In that case both the temperature (149F) and battery (3%) readings are bunk -- hence my suspicion of corrupted packets being received. Not sure about humidity, 36.3% is plausible. The packets in the minute before showed 100% battery.

Thrilleratplay commented 4 years ago

@sfjes I pushed a branch called add_h5075_parse_checks. When you have the time, could you test it and see if it corrected the issue?

sfjes commented 4 years ago

Thanks @Thrilleratplay. I've switched to that branch. Given that the error occurs somewhere between 0.25 - 1.0/times a day, it may take a few days to confirm if it resolves it. Will let you know.

sfjes commented 4 years ago

The component hasn't died since applying this branch. I added some debug messages to help see if the parse checks were catching anything, and they did, once. I expected to see more catches based on the previous rate of crashes, but hey, maybe less solar flares this week.

I also saw bad data a few times (100C type stuff), which got averaged out into a small blip.

Thrilleratplay commented 4 years ago

Where the 100C spikes being recorded in the data or just seeing the spikes in the error logs?
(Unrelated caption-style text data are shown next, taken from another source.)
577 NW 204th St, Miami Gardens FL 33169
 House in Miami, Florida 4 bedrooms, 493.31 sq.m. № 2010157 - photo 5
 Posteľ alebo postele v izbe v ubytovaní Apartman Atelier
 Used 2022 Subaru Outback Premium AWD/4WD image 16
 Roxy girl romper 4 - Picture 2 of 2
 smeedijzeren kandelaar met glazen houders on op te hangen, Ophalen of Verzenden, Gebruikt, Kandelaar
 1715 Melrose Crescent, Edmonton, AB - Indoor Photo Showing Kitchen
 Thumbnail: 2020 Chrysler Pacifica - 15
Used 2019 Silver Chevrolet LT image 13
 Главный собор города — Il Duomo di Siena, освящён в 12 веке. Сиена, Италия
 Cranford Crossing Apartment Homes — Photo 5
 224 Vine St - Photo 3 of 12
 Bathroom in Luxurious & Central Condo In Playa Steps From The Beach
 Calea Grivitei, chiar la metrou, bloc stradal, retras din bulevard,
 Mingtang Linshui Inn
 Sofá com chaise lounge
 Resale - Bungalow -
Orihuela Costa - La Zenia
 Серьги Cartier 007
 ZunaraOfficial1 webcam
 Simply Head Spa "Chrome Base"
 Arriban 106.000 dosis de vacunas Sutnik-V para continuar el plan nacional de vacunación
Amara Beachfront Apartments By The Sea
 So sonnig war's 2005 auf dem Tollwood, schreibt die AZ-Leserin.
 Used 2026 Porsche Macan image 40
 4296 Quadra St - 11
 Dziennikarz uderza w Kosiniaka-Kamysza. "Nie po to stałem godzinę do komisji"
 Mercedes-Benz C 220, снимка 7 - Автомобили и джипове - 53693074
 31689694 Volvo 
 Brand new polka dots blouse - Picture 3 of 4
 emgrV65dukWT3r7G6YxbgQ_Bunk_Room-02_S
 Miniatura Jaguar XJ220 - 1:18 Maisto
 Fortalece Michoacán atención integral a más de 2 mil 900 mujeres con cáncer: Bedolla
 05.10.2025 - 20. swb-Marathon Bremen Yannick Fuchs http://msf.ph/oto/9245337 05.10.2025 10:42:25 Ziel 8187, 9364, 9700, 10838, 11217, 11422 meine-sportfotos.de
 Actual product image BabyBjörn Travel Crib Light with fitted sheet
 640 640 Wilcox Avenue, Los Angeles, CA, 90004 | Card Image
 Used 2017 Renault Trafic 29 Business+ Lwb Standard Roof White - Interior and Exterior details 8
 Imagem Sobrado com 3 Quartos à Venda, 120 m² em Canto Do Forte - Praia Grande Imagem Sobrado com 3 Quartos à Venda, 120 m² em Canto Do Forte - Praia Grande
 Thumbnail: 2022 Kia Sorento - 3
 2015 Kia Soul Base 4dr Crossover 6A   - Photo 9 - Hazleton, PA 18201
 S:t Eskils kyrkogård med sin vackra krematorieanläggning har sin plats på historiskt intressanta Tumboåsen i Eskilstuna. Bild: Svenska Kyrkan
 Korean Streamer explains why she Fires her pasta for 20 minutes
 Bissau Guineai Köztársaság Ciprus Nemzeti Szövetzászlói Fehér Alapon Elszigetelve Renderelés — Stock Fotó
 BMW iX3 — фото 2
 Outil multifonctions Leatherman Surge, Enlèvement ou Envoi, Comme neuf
The default max temp is 60c, it shouldn't record anything higher unless that was changed in the config.

sfjes commented 4 years ago

I lost track of where I wrote down the exact log message (and HA has since truncated the log), so it may well have been <60C. I just remember thinking that it was an absurdly high reading given that I'd be pleased to hit 20C.

Thrilleratplay commented 4 years ago

If you notice it again and it is logged in the sensor data, try lowering the upper temperature threshold. I am still curious how the signal is being altered enough to have bad data but still have a valid mac and device name. Possibly a faulty unit? shrugs I am going to merge this branch in if it at very least prevents crashing with bad data.